Ponder the case of Wisconsin Senator Paul Ryan, who has taken on the mantle of being a champion for the poor and a brand new promoter of opportunity. What does that look like in terms of actual policy recommendations?
“On the Republican side, Rep. Paul Ryan (Wis.) has taken the lead in arguing that conservatives should focus on opportunity. But his approach largely consists of cuts to the safety net…Helping the poor by cutting the programs they rely on is, to say the least, a risky theory of uplift. It’s easier to see what Ryan’s plan does to impede sufficiency of opportunity than to spread it…This is why it’s wise to keep debates about principle grounded in actual policies. Changing principles requires little more than changing rhetoric. It’s the policy where you can see if anything is actually different.” (From No One Really Believes in Equality of Opportunity.)
In other words, in spite of the rhetoric, and in the words of the great educational philosopher David Byrne, it’s the same as it ever was.
Verhaeghe provides exactly the lens needed in order to understand how this is analogous to the way “achievement data” functions. Achievement data is put forward as an objective means of measuring learning. In fact, it simply is a marker of privilege that is used to reinforce privilege.
“This analogy exposes the weak spot in the reasoning. Social Darwinism and neo-liberal meritocracy create the impression that they favour the individual who is naturally the best.
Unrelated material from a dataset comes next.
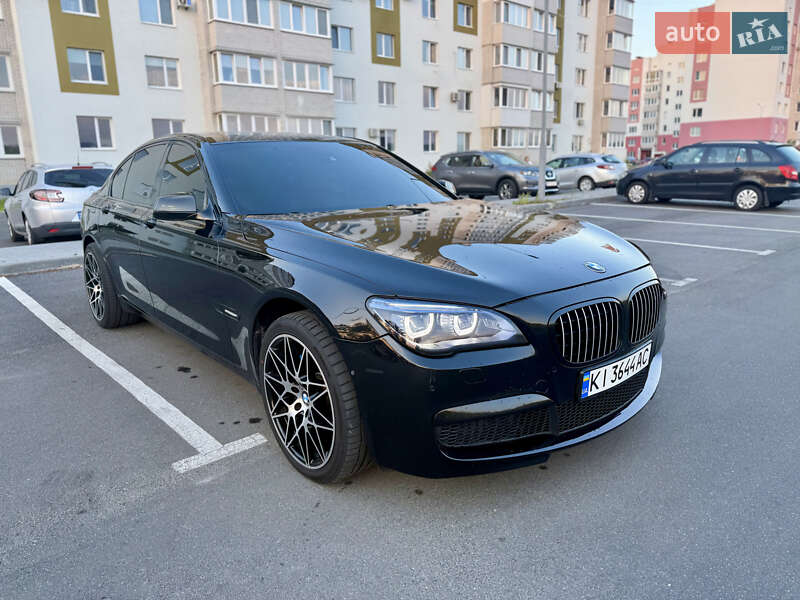 Седан BMW 7 Series 2009 в Вінниці
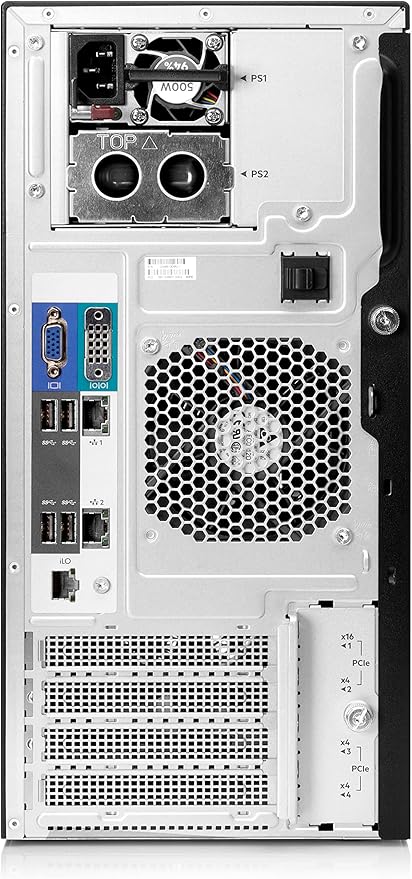 HPE ProLiant ML30 G10 Plus 4U Tower Server - 1 x Intel Xeon E-2314 2.80 GHz - 16 GB RAM - Serial ATA Controller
He or she would have made it anyway; we are just giving nature a helping hand to speed the ‘fittest’ up the ladder. But the reality is somewhat different. Both social Darwinists and meritocratists themselves determine who is the ‘fittest’ and, crucially, how that is to be measured. In practice, they create an increasingly narrow version of reality, while claiming that they promote ‘natural’ winners. They then preserve that ‘reality’ by systematically favouring those winners, thus keeping them on top. The fact that they remain there is advanced to prove the validity of this approach.
…on the basis of figures, decisions are made over people’s heads. And ultimately, those figures create the reality on which they are supposedly based.” (Emphasis added)
Achievement data measures a reality as a means of recreating it. Whose opportunity is that?